**THE DATA:**
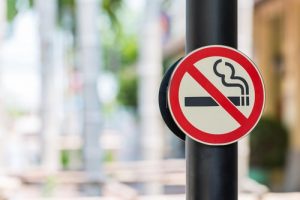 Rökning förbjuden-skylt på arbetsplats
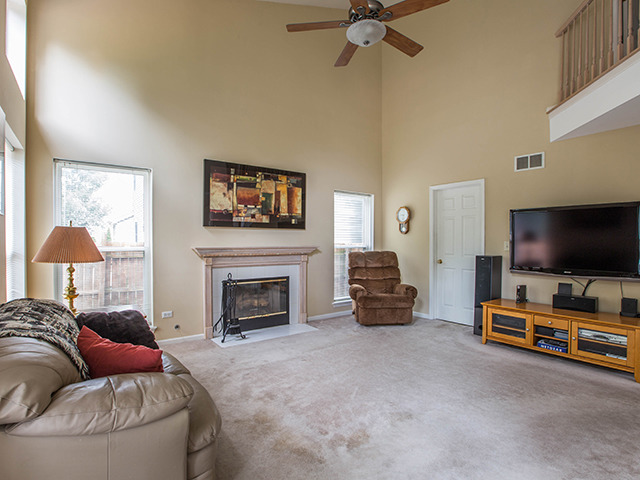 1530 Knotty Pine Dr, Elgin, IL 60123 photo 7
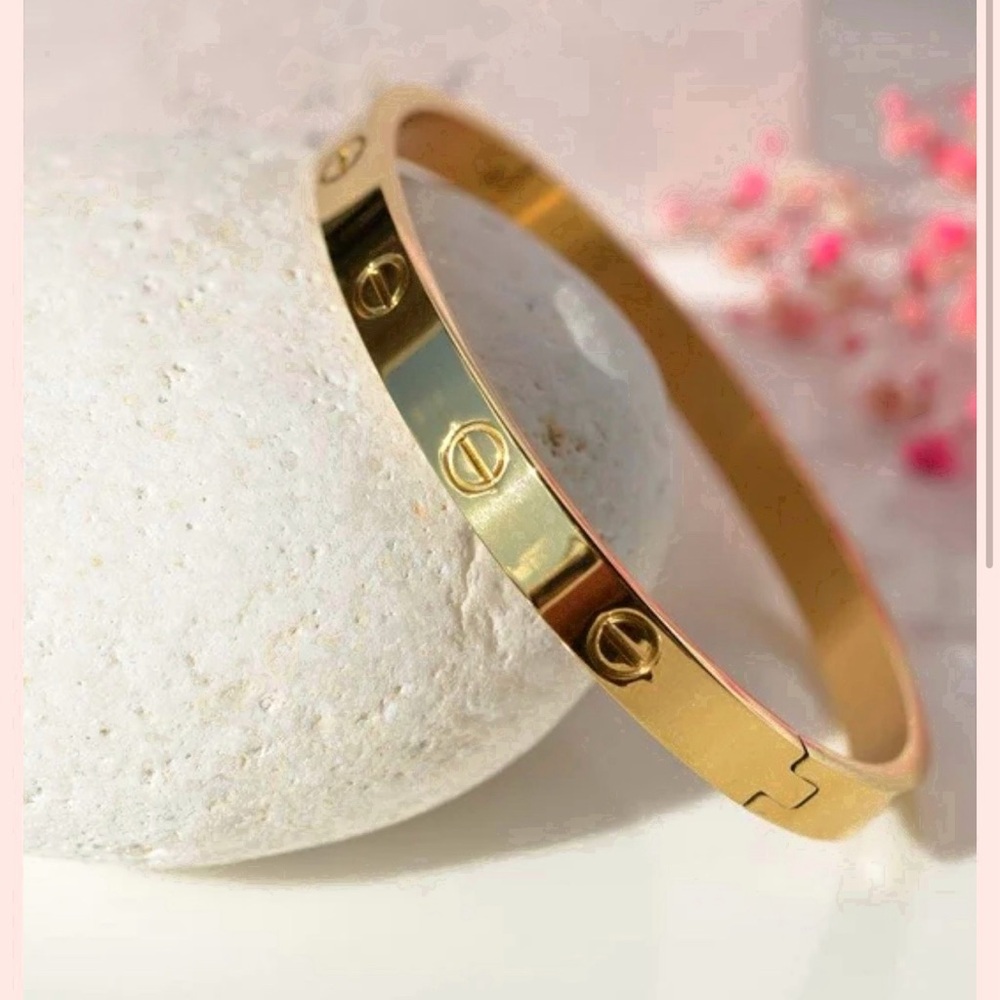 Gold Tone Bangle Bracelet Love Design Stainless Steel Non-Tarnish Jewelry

**WHAT THIS TASK INVOLVES:**
Once the pictures are set aside, restate the remaining data above exactly.

**YOUR SOLUTION:**
 Rökning förbjuden-skylt på arbetsplats
 1530 Knotty Pine Dr, Elgin, IL 60123 photo 7
 Gold Tone Bangle Bracelet Love Design Stainless Steel Non-Tarnish Jewelry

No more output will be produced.